I’ve actually worked with a number of government departments who were looking to move more content online and the content conversion problem is definitely a time consuming and challenging part of the problem. That’s precisely why I wind up getting involved, since EditLive! lets you easily copy and paste content from Word documents and produce clean, compliant XHTML. It can even (optionally) strip out inline formatting and leave just the structure like headings, tables and lists.
Furthermore, EditLive! is actually quite good at making sure the HTML works correctly even when the user doesn’t have the right browser or the right fonts installed, especially when it’s been configured to suit the particular content needs. Even with non-technical business authors this can work very well and is doing so for a significant number of government departments.
That’s not to say it’s the whole solution, there are systems out there where it’s hard to convert the content to HTML and where HTML may not be the best format anyway. Some of those cases may work better with PDF but certainly not all of them. To somehow suggest that PDF is a complete and simple solution to publishing information on the web misses quite a lot of the picture. For example:
- How do web site visitors navigate around and get to that PDF data? How do they search and find it? As much time is spent working out navigation structures as it is converting content.
- How do you expose information from databases with regularly changing information? Wouldn’t a HTML representation be easier to generate than PDF in most of these cases?
Putting information on the web is not simple and no single technology is going to make it simple. PDF definitely has it’s place on the web, but so does HTML and a number of other formats.

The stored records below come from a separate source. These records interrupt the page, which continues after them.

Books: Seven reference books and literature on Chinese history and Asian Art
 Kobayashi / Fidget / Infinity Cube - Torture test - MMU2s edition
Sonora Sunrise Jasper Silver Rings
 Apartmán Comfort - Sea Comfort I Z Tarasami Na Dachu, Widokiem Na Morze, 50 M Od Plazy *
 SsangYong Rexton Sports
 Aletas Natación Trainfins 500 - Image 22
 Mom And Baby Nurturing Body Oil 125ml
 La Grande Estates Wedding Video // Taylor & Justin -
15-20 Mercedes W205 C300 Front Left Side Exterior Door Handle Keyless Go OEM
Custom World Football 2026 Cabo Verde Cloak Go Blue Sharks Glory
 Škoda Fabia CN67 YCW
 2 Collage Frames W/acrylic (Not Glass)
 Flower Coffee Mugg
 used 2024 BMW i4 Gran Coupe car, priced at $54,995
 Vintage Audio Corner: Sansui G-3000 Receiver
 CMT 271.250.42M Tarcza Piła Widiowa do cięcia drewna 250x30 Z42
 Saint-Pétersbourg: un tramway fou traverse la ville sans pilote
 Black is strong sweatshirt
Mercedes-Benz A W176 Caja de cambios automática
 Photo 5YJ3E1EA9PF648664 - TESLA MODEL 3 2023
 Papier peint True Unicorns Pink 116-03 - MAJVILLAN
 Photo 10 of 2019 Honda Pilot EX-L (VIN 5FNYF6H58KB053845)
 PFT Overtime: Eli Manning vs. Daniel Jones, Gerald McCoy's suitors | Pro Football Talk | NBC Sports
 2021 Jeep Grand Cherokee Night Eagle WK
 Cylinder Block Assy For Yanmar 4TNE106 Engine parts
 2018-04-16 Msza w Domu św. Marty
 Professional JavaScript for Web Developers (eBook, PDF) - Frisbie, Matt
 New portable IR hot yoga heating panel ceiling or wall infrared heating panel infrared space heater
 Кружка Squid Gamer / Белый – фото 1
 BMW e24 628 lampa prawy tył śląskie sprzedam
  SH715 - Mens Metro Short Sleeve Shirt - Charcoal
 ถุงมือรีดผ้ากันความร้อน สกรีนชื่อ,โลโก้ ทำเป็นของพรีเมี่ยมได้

PDF doesn’t alleviate compatibility concerns, not all users have a recent enough PDF reader, not all PDF embed all the fonts and when they do it makes the download very large etc and not all PDFs are standards compliant. Putting non-web stuff on the web is always a big, challenging project, so review the available technologies carefully and pick the ones that best achieve your goals. Very few companies have success with just dumping a whole heap of PDFs on a web server.

November 4th, 2009 at 3:49 pm
My point isn’t that PDF is perfect or even great, my point is that it is a practical and cost effective solution today, while the HTML/XML advocates are all proposing to force every state, local, and federal agency to do things in a new way. This requires significant investment in IT, training of employees, and additional time to process each document. And that doesn’t even address the problems that occur when non-governmental employees want to submit documents to the government, which will cause yet another set of IT, training, and time costs. The economic downside is huge for everyone except the publishers of software like EditLive! :-)
November 4th, 2009 at 3:54 pm
I guess my point is that even when you use PDF you’re going to incur all those costs. Moving stuff to the web is expensive and difficult – maybe some government departments could just dump a bunch of PDFs in a directory but that’s not really what anyone would want to get out of the process. As soon as you go beyond that you also get a whole heap of expensive problems to solve.
November 4th, 2009 at 4:03 pm
Most of those costs have already been incurred for PDF. Pretty much everyone who has a PC already has the ability to generate PDFs using the Print command. Most government employees already know how to Print, and it works well with the tools they already have. That is precisely why so many government documents are put out in PDF today.
Of course Adobe would like everyone in government to buy and upgrade their Acrobat Pro licenses on a regular basis. But the fact is that most modern OSes, office suites and such have PDF output built-in, so they don’t have to buy it unless they want to get into automated PDF workflows (around form data, approvals, etc.)
Again, I’m not saying things wouldn’t be better if governments didn’t put out their information in additional formats like XML or HTML that were more amenable to certain kinds of processing.. But demanding that they dump PDF and move to something entirely new en masse is foolish and impractical.
November 4th, 2009 at 4:22 pm
But generating the PDF is only a very tiny part of the problem. It’s as simple to paste from Word into EditLive! as it is to print – user’s already know how to copy paste. The problem is they don’t know how to use the publishing system to take the content in whatever form, apply all the required meta-data, select the right section of the site and finally publish it.